Admittedly, there is a grey area here, which explains the confusion. To their credit, these Australian websites have instituted a mechanism to make sure that the ownership of the notes won’t be called into question.
Avoiding Plagiarised Content
If a student uploads their notes on websites, such as Thinkswap, for instance, the papers undergo a series of evaluations and assessments. For one, they would be examined for plagiarised content.
So, if you only copy the notes verbatim from the board or PowerPoint presentation from your teacher, chances are, the website will reject the content you submitted. This is where the grey area comes in. If you copied the lecture note, those are the intellectual properties of the teacher. You need to ask permission before you can share it with others, especially for commercial purposes.
In the same vein, if you copied the research and reading materials assigned to you by the instructor, you will encounter the same legal roadblock.

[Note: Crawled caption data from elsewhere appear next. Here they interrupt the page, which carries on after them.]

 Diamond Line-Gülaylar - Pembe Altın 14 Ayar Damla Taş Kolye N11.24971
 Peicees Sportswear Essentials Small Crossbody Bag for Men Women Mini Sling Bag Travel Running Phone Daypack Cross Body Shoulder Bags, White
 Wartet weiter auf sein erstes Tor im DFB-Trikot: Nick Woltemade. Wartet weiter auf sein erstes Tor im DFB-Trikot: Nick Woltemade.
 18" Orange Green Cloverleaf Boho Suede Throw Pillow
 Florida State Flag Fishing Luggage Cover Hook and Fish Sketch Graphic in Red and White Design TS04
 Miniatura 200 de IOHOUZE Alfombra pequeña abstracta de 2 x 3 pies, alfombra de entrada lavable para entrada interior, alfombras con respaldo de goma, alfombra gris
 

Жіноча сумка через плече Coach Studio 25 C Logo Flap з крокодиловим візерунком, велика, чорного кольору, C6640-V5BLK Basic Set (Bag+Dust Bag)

What most people are not aware of is the high rejection rate of these note file-sharing sites. Most of the notes uploaded will be rejected since they first need to pass the rigorous evaluation by the website experts.
Evaluating the Content
Once you upload your school notes on sites like Thinkswap, evaluators will immediately get down to work. They will vet your content, check the facts, cross-check them with the website’s large library of notes, and then run them through a proprietary plagiarism app to make sure that you are not only copying information from somewhere.

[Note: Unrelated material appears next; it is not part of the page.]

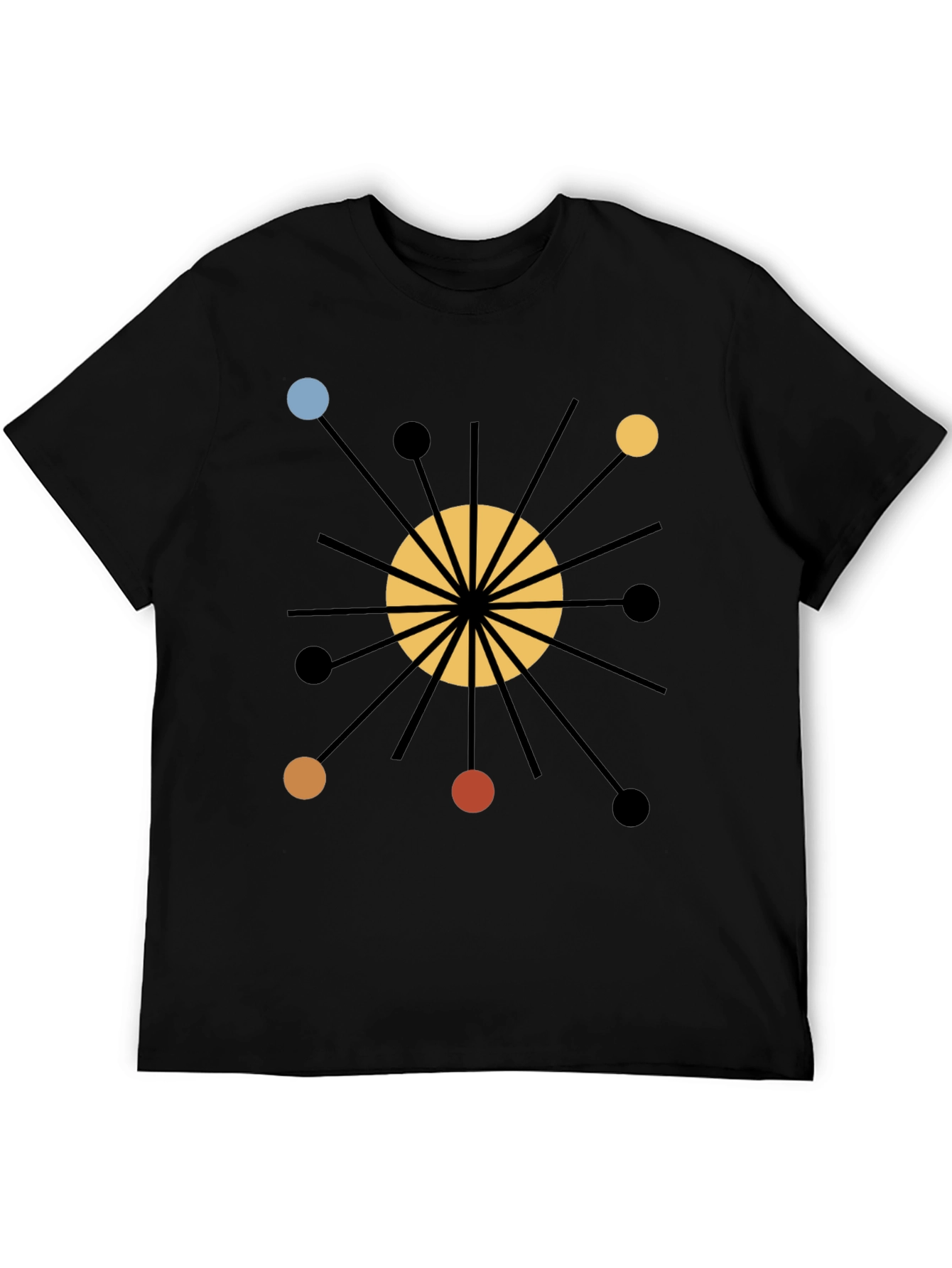 Atomic Starburst Graphic Print Black T-Shirt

Of course, part of the evaluation would be the handwriting. So, those with very legible or beautiful longhand would have a high chance of being accepted. The reason for this is that the website does not want context and meaning to be lost in the translation because the words are hard to read. Besides, how can your notes sell if nobody understands them?
You do not copy the source material word for word. You are going to be flagged by the anti-plagiarism app anyway, an infraction that will merit an automatic rejection.

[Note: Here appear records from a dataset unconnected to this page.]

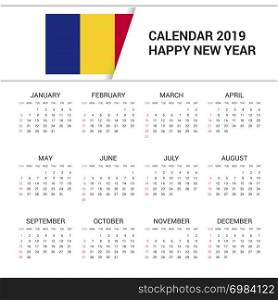 Calendar 2019 Romania Flag background. English language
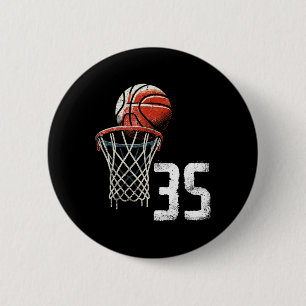Number 35 Year Old Vintage Sketll 35th Birthday Gi 6 Cm Round Badge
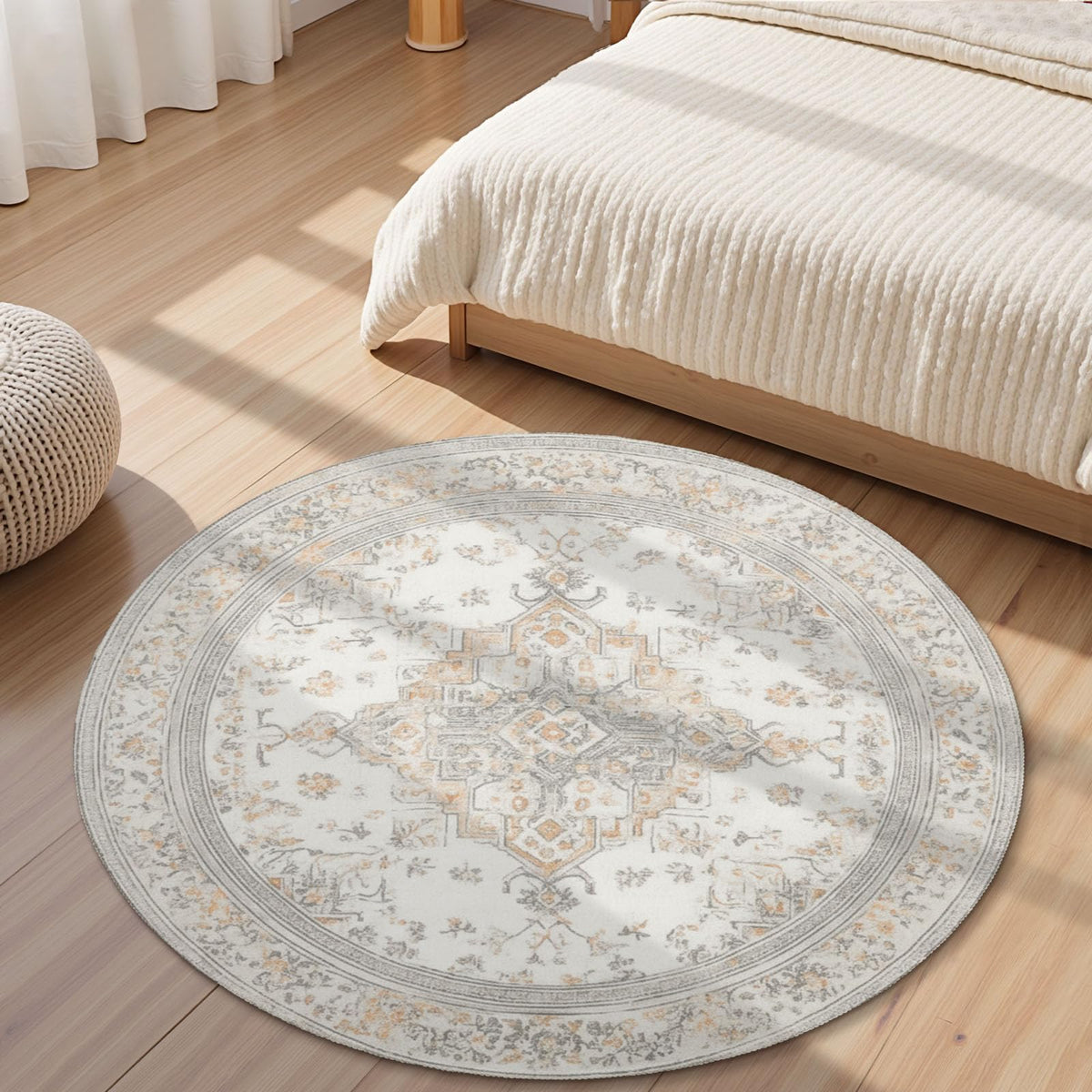Vintage Round Area Rug 5ft (Daily-vintage Beige / 5' (Round))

What they are looking for are notes that are 90% your own words, along with your own research on top of the lecture by the instructor. If you write in short-hand, make sure there are margins and explanatory notes to provide context. It is preferable that you have footnotes citing the source material. It gives students who download your content the luxury to explore the materials on their own.
When you do that, you own the intellectual property of your notes, which means you can sell them on file-sharing websites without any problem.
These file-sharing sites have become a platform to help students struggling with their courses. And your notes will allow them to see the subject from another perspective. But make sure you follow the above tips, so your notes have a high chance of getting accepted and, more importantly, downloaded by interested students.